Vidas interrompidas pelo descaso passado de um governo a outro. Sonhos de famílias inteiras decepados, projetos cancelados, afetos separados à força. A certeza de que cada manhã assinala mais horas de vazio: acordar para um pesadelo todos os dias. Na espera por um atendimento do SUS, aglomeram-se desde bebês com dias de vida até idosos com mais de 80 anos. Princípio e fim na mesma sina, como se nós brasileiros fossemos super-heróis imunes à kriptonita do desgoverno. O caos da saúde pública, de tão instituído, já se tornou uma convenção com passaporte carimbado à conformidade. E o voto, cada vez mais, se parece com um game configurado no modo mais avançado, pois está mais difícil separar o joio do trigo quando existe tanto joio.
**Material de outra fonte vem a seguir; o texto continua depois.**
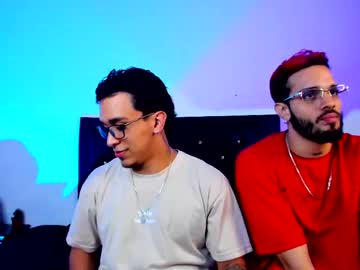 Mattew_Dluca_ Chaturbate stream image from August 21, 2025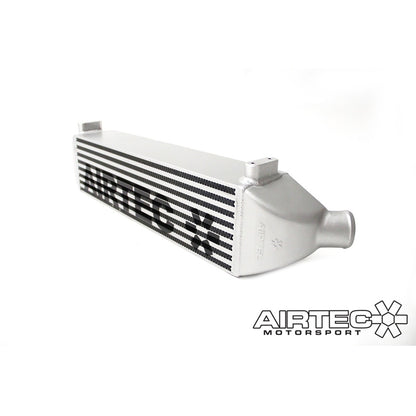 AIRTEC Intercooler Upgrade for Ford Transit Custom & M-Sport (Euro 6)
Saúde e justiça são irmãs da mesma verdade e parceiras da mesma dor. Em um país que não acolhe os seus, nos resta o poema eterno: a sequência que se tece a partir da união dos amigos. Uma voz pacífica, mas nunca passiva, de quem assistiu a alguém viajar apenas com bilhete de ida. E cumpre-se o que um dia escreveu o poeta Wilson Caritta Lopes: “um anjo mora acima do poema...”. Anjos que sobem prematuramente e deixam obras, família, amigos, amores, mas que se eternizam na sequência do olhar, da voz e da vez de quem um dia sorriu junto a eles.